Market Overview

The Dixie Group Reports 2018 Results, Continues the Rollout of Its $17 Million Profit Improvement Plan


DALTON, Ga., March 07, 2019 (GLOBE NEWSWIRE) -- The Dixie Group, Inc. (NASDAQ:DXYN) today reported financial results for the year ended December 29, 2018. For 2018, the Company had net sales of approximately $405,033,000 as compared to $412,462,000 in 2017. The loss from continuing operations for 2018 was $21,479,000 or $1.36 per share, as compared to a loss from continuing operations of approximately $9,322,000 in 2017. On a non-GAAP basis, as shown on the attached schedule, the results from continuing operations would have been a loss of $0.44 per share adjusted for the impact of the Profit Improvement Plan.

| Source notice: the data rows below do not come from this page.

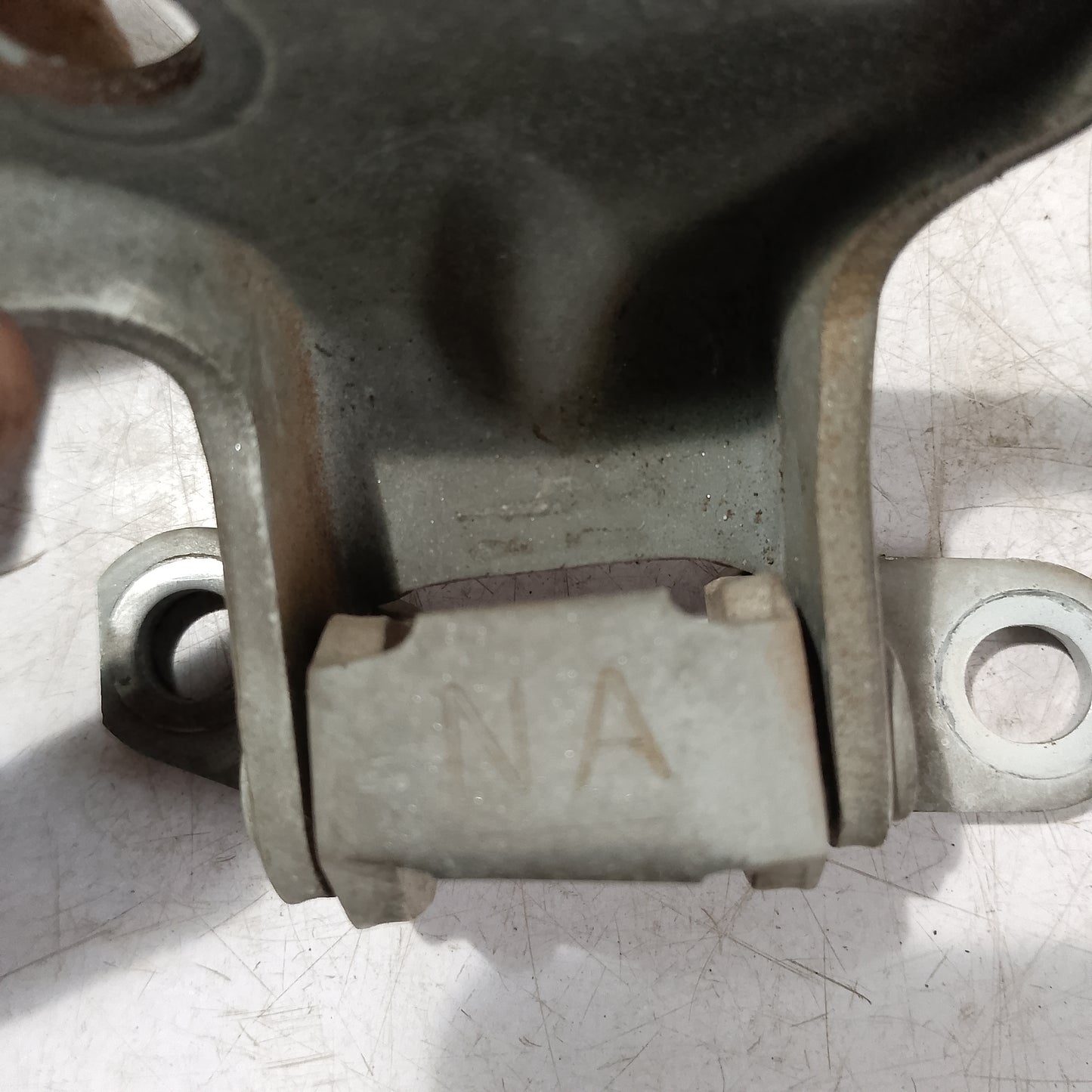 Bisagra f/d/s | Subaru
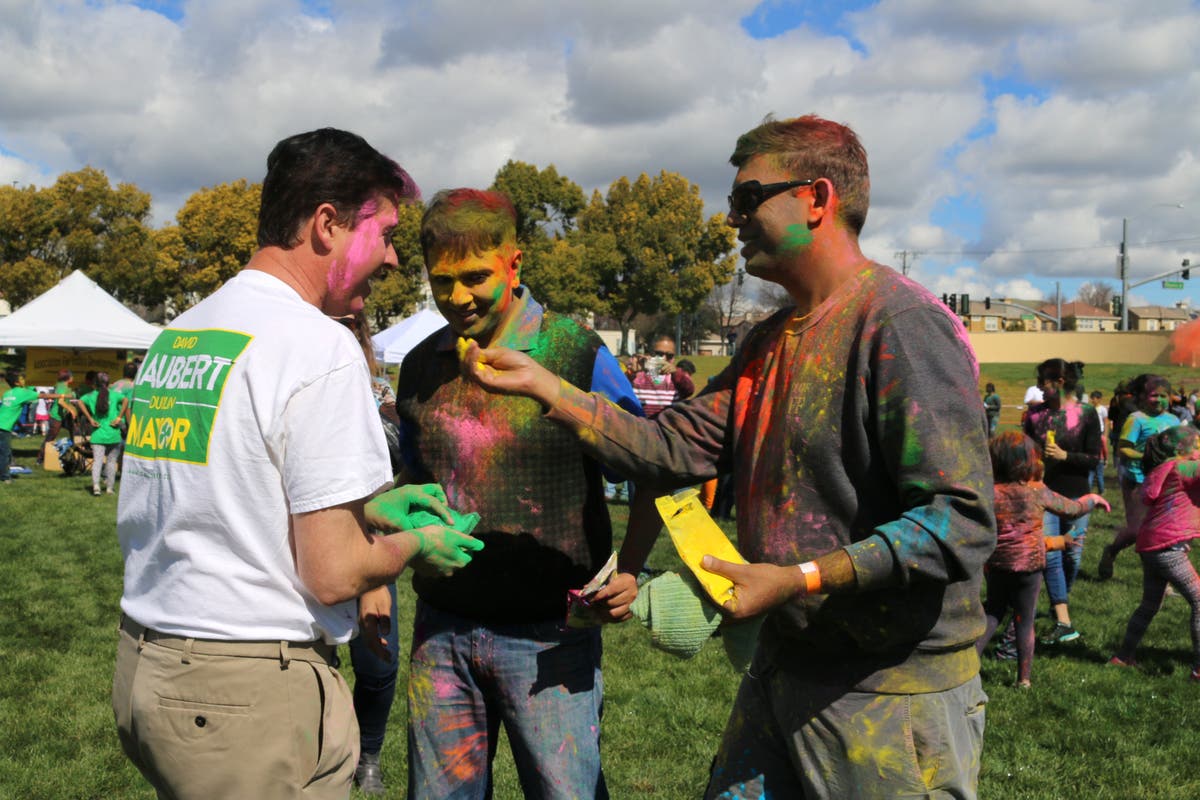 Mayor at Holi Festival Mayor at Holi Festival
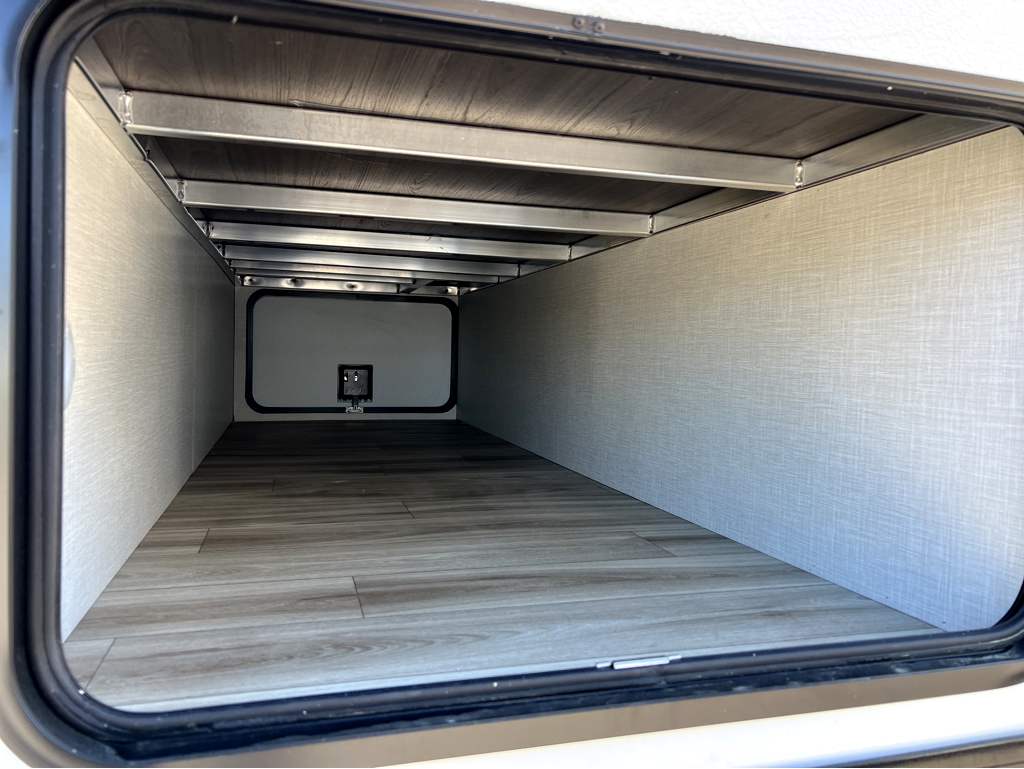 2026 VENTURE RV STRATUS 282VFD - Image 5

Commenting on the results, Daniel K. Frierson, Chairman and Chief Executive Officer, said, "2018 was a year of change for both Dixie and the industry. The industry dynamics have shifted as we have seen the soft floorcovering market shrink in square feet while at the same time we saw the rapid rise of a new market segment with luxury vinyl flooring which has taken market share from all major flooring categories. During this time, we have been shifting our emphasis to include hard surfaces products, primarily luxury vinyl flooring, in our product offering. Our residential business has continued to gain market share as we have expanded our footprint throughout the retail environment. Residentially our operational focus this past year has been on taking advantage of our increased productivity as we lower our labor and other input costs. Beginning in late 2017 when we brought our two commercial floorcovering businesses under the leadership of David Hobbs, we have been methodically combining our operations, culminating with the complete integration of our management, support functions, sales forces and commercial facilities by the end of the first quarter of 2019. Commercially we have been driving our product offering towards solution dyed modular carpet tile while we reorganize the commercial business to bring it into sustained profitability.

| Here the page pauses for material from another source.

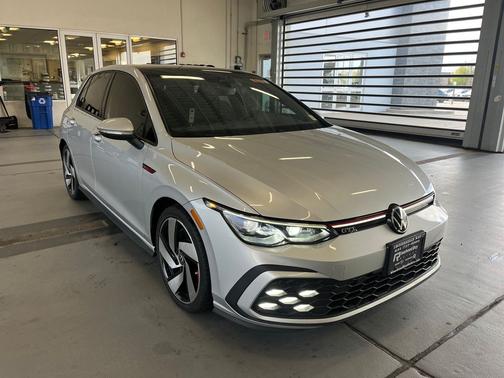 Reflex Silver Metallic 2022 Volkswagen Golf GTI 2.0T SE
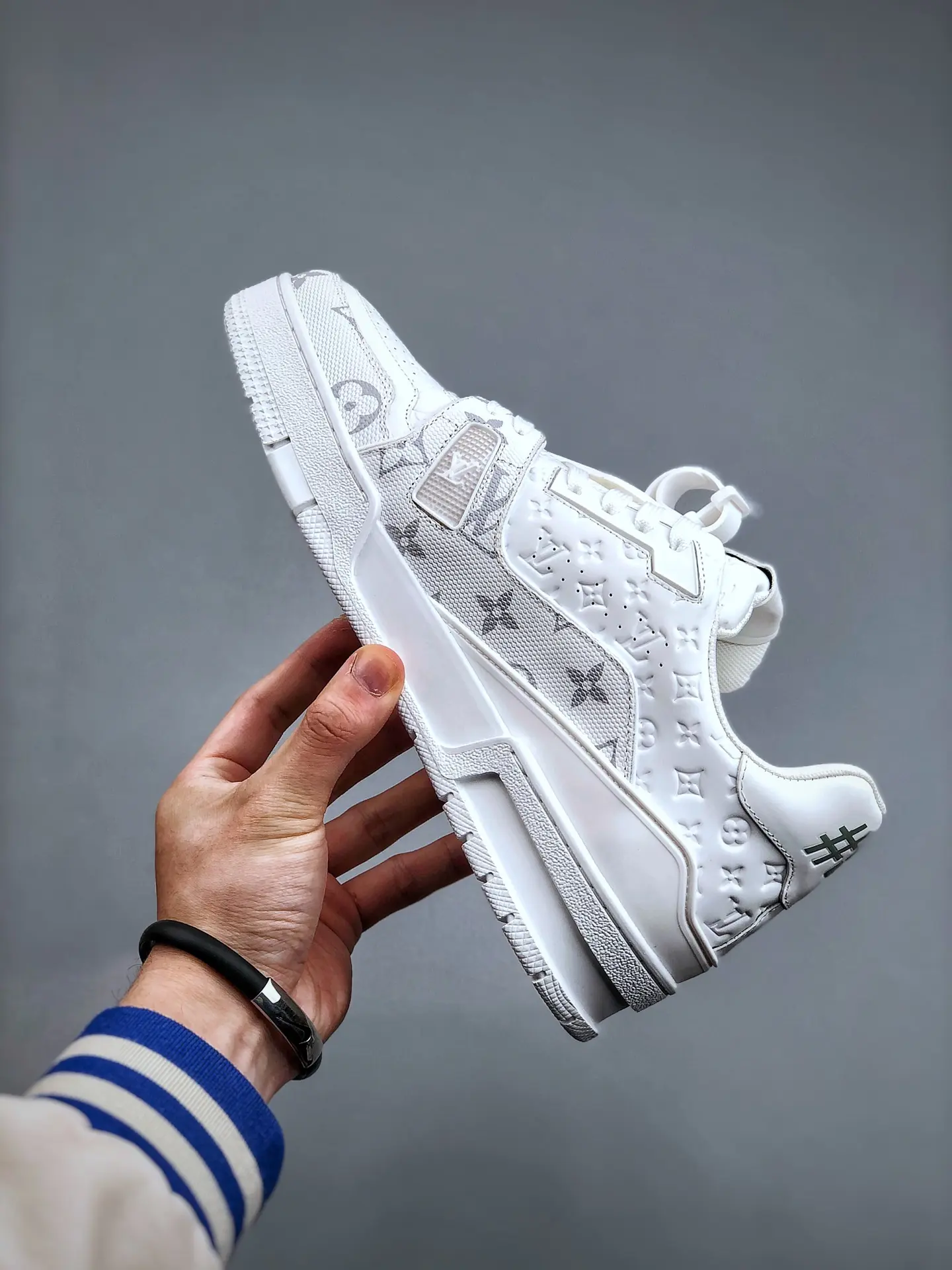 YASSW | The Ultimate Guide to Replica White Louis Vuitton Trainer Sneakers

The residential business soft surface product line grew by 1.8% while the industry, we believe, was flat. Our hard surface sales tripled during this same time period. In the residential market in 2018, we had our largest product launch ever. We launched over 150 new products for 2018, including 67 carpet styles and 86 hard surface designs. Our focus in 2018 was to enhance our importance to our residential dealer network and to gain retail floor space by broadening our product offering as we expanded our main street commercial and mill branded soft flooring product selection. We are especially pleased with our new Masland eNeRgy in store display with 20 exciting main street commercial products. This high styled main street category was developed by Masland in the mid 2000's and we are re-invigorating this line with new products, designs and an updated selling vehicle. The eNeRgy line is a complete selection of broadloom and modular carpet tile designed for the commercial market serviced through our network of full service dealers. We began shipment of our new EnVision 6,6™ soft floorcovering collection. This new program is an extension of our Dixie Home product line with nicely styled carpet products at moderate price points to reach a wider range of consumers. These products are made with type 6,6 nylon to ensure the highest quality and performance standards. In addition, we launched the Fabrica wood line, initially with selective distribution in the southeast but later expanded across the United States. The Fabrica collection features "best in class" unique flooring looks including French oak, maple and birch with a style and quality consistent with the high-end quality of Fabrica's brand. We expanded our luxury vinyl flooring offering and placement by 40% while offering more product selection with both plank and tile offerings in our STAINMASTER® PetProtect® line. For 2019 we are building on the momentum we gained by tripling our residential hard surface business in 2018 with the launch of TruCor™, our new solid polymer core or "SPC" luxury vinyl flooring line. This latest addition to our rigid core luxury vinyl flooring offering is designed to create an extremely durable and waterproof luxury vinyl flooring product with a broader range of price points to meet the needs of various consumers.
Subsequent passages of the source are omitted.